## Exercise details:
Find "Akris Punto Long Sleeve Silk Top (view 1)" in the entries below; copy that line through the last, exactly, with no pictures.

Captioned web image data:

+++

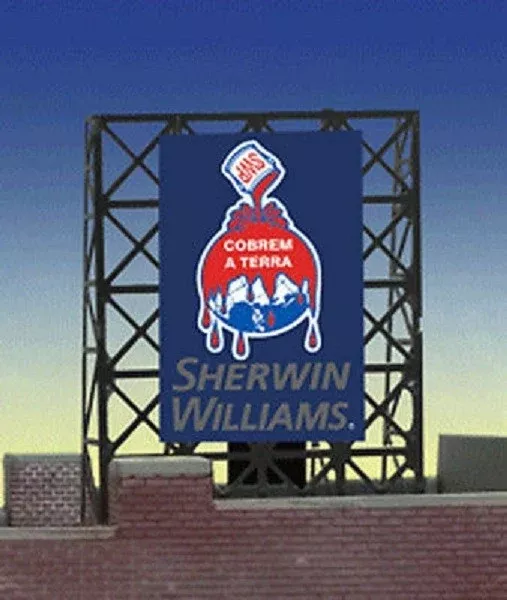 Miller Engineering 338935 N/Z Sherwin Williams Paints Rooftop Billboard Small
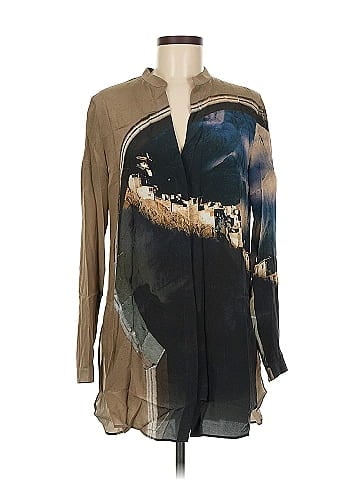 Akris Punto Long Sleeve Silk Top (view 1)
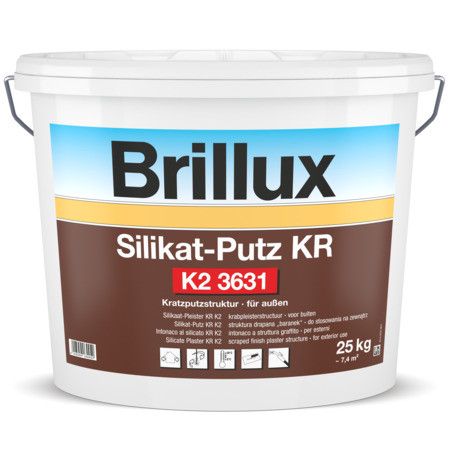 Brillux Silikat-Putz KR K2 3631 weiß - 25 kg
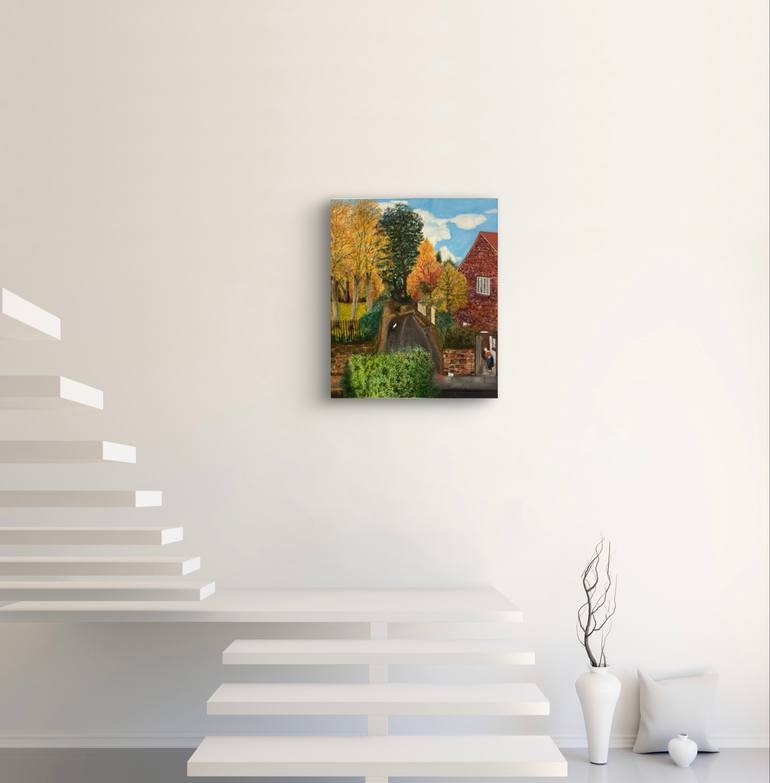 Original Baroque Landscape Painting by Denise Nuttall
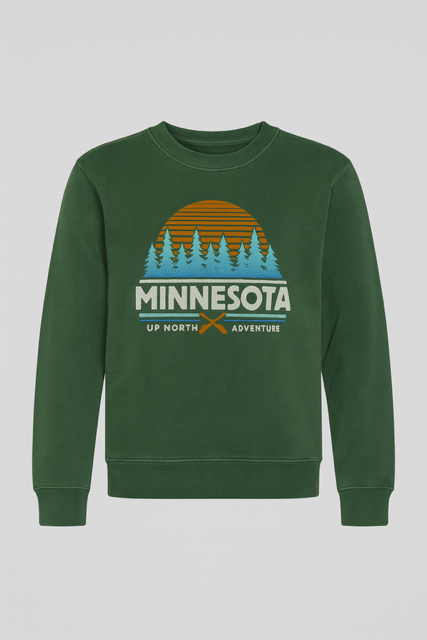 Toddler MN Up North Adventure Agave Crewneck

+++

## Response below:
 Akris Punto Long Sleeve Silk Top (view 1)
 Brillux Silikat-Putz KR K2 3631 weiß - 25 kg
 Original Baroque Landscape Painting by Denise Nuttall
 Toddler MN Up North Adventure Agave Crewneck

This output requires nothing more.